You really can have the life you want. It takes basically burning down everything in your current life. Not many people are prepared to do that but it's so worth it and it's really the only way to change the path we were conditioned to walk.

Concerned One

Quote from: GettingOOTF on August 22, 2020, 06:22:49 AM
At work I spoke up and presented my ideas instead of keeping quite. I have great ideas and they got noticed. Now I have a seat at that table.


I tend to keep quiet, as I didn't know how to manage my emotions and would react instead of respond.

What ideas did you speak up about and present?

GettingOOTF

#3
They were about how we could improve processes or introduce new products. I took a look at what everyone was doing, saw where I thought we could have the bigger impact, came up with a plan, did the research and pitched it. It was not a glamours thing, it was a $hit ton of work on my part. Then I built on that. It was a fight to get heard and taken seriously but now I have a reputation for being a problem solver and people come to me to take care of things no one else in the  company can.

You have to figure out what you want and then find a way to make it happen. None of it happens overnight and it’s a hustle everyday. Only you can decide if it’s worth it.

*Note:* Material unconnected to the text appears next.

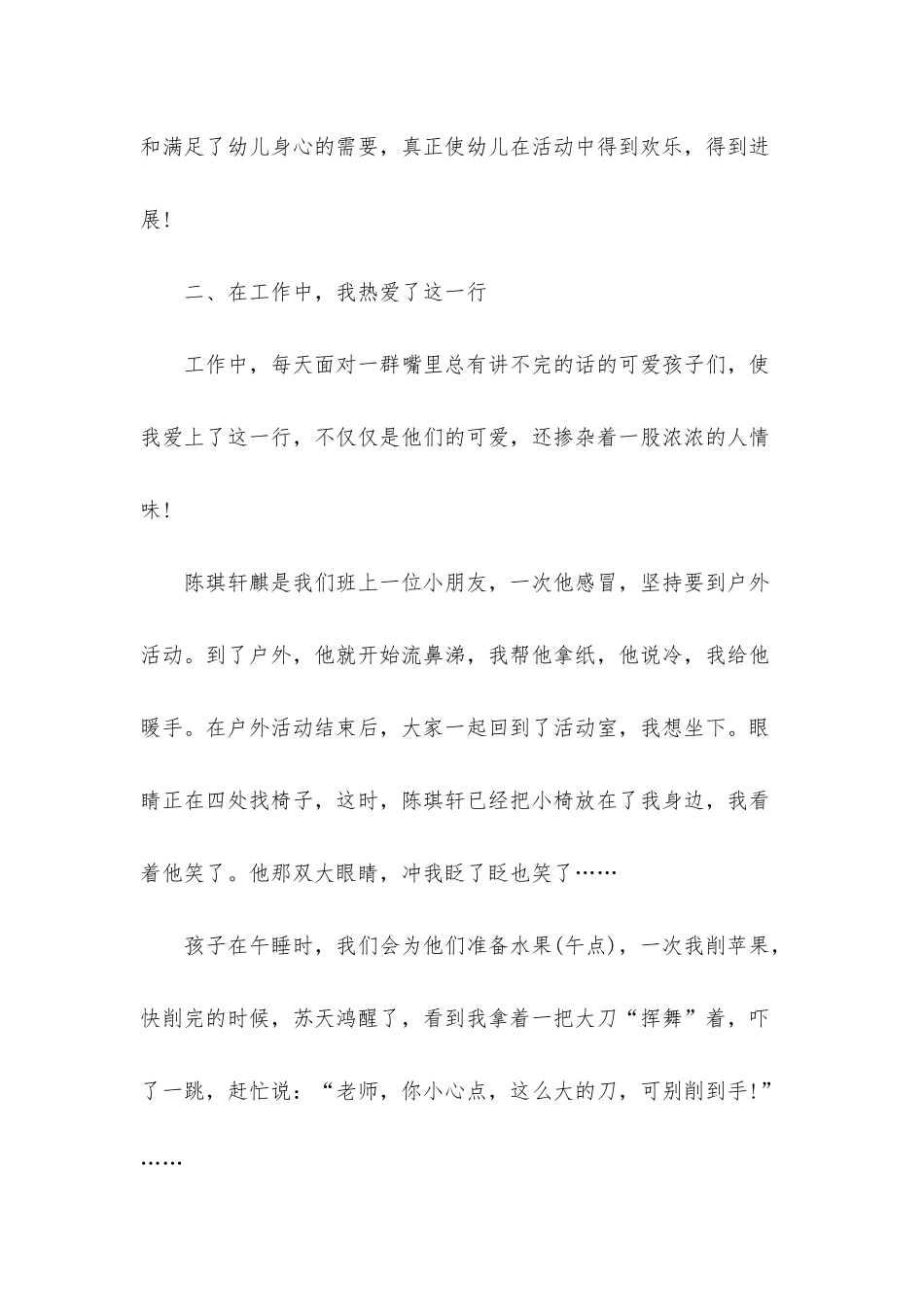 幼儿园2025师德师风自查报告_第2页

And learning to regulate my emotions was really the first step. No one wants to listen to someone who is reactive all the time. Again this is one of those things where I looked at how other people behaved and modeled my behavior on theirs. I saw how when they don’t agree with someone they didn’t argue and how everyone was given a chance to speak before being cut down. People didn’t take things personally or if they did they didn’t show it in the office. 

Concerned One

Ok. Yes learning to regulate the emotions is first on the list. Listening to the messages rather than running away from them or projecting them on others. Thanks for the advice.

GettingOOTF

#5
What I should have said first was that leaving my abusive marriage as the number one thing I did. I couldn’t have built the confidence and self-worth I currently have while being torn down every day my my ex.

Leaving that marriage allowed me to finally see my worth and start to undo a life time’s worth of negative programming.

Concerned One

Quote from: GettingOOTF on August 22, 2020, 07:20:41 AM
What I should have said first was that leaving my abusive marriage as the number one thing I did. I couldn't have built the confidence and self-worth I currently have while being torn down every day my my ex.

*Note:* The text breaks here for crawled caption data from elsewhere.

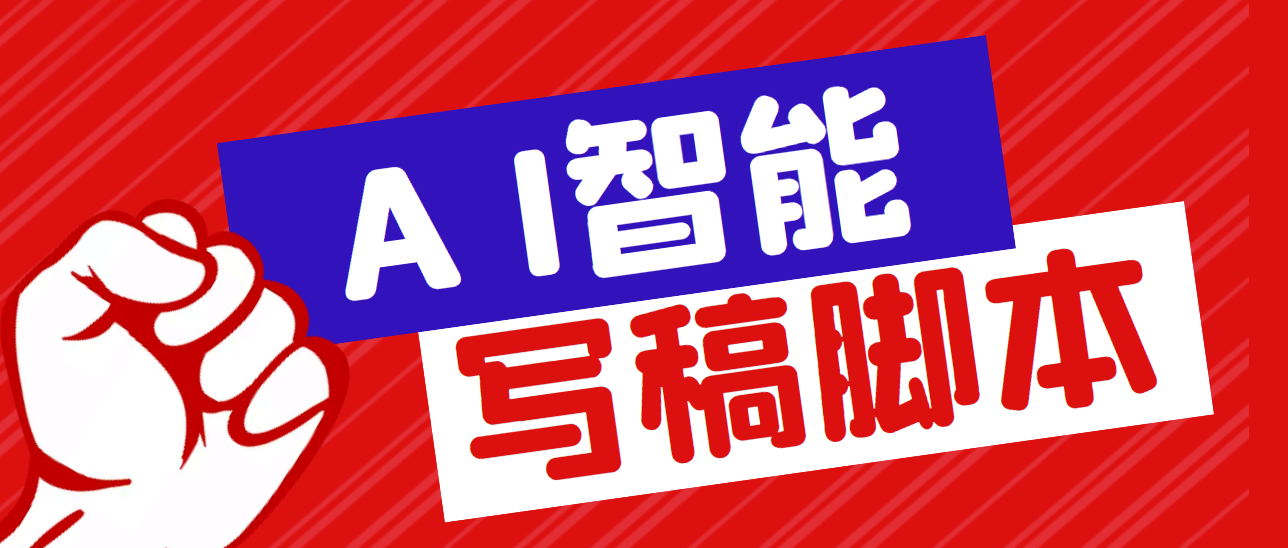 外面收费1288的智能AI全自动写稿智能托管，百分百过原创【永久智能托管+详细教程】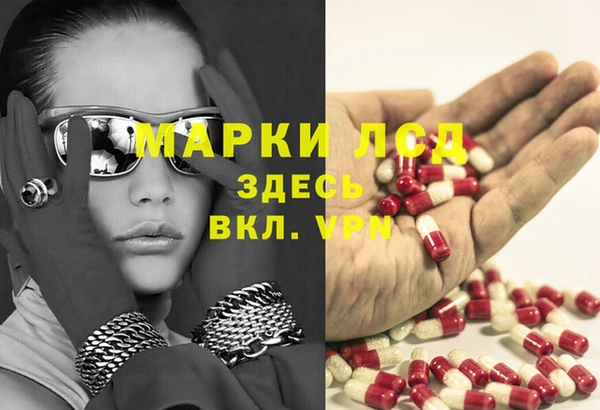 наркотики Нея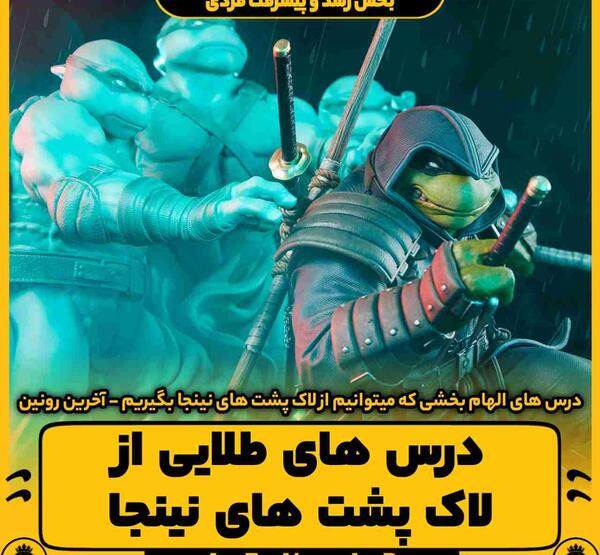 عکس شخصیت های کارتون لاک پشت های نینجا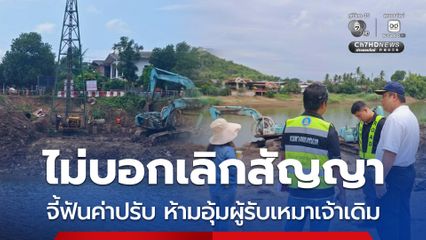 ป.ป.ช.สุโขทัย จี้ทางหลวงชนบท ฟันค่าปรับ สร้างสะพานข้ามแม่น้ำยม หลังทิ้งร้าง 2 ปี ห้ามอุ้มผู้รับเหมา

Leaving that marriage allowed me to finally see my worth and start to undo a life time's worth of negative programming.

Yes. I left my family so that's the hardest part done.

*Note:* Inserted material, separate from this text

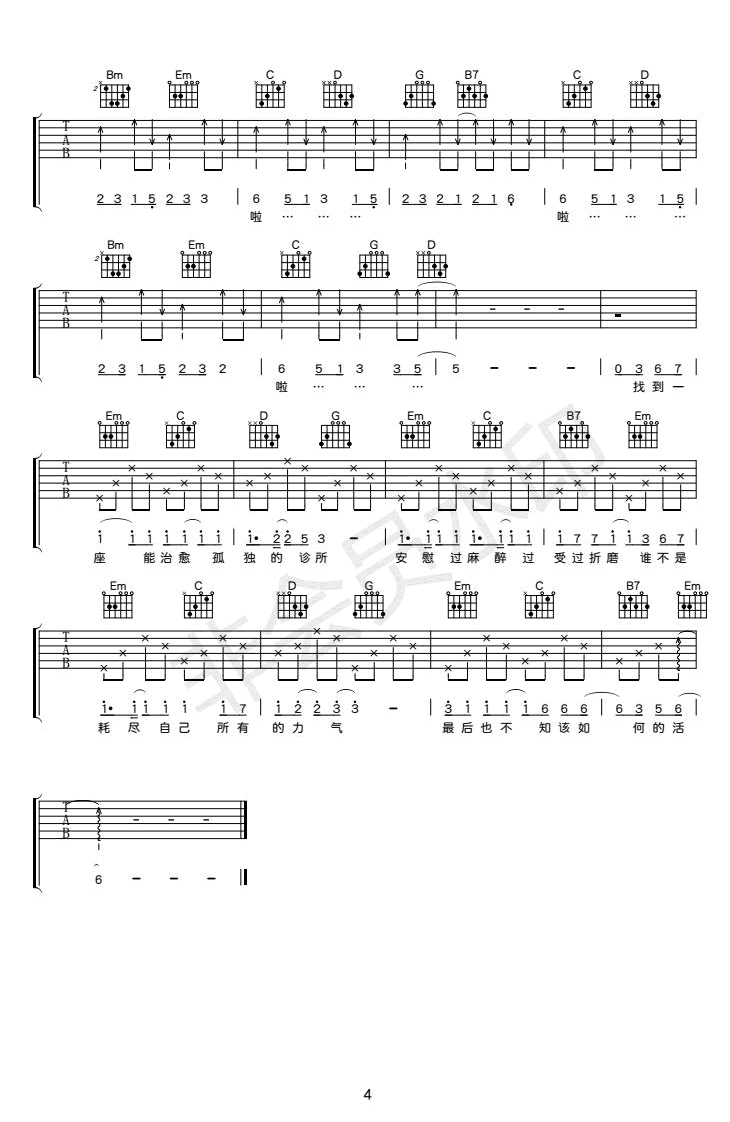 徐大乐-孤独诊所吉他谱3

Now I'm working on healing and listening to those internal messages instead of shoving them down far below like I've been trained to do.

SparkStillLit

I'm actually still in my marriage, but my workplace isn't toxic, and here I have ever so slowly learned to speak up, and to take more of a leadership role. I am heavily backed by my superior. I must do my own work, though, and believe in myself, and that I have value and worthy contributions. It continues to bè amazing every time somebody listens to me, and thoughtfully considers what I say, but each time it happens, it lends strength.
I think if one place isn't toxic, you can hit the other.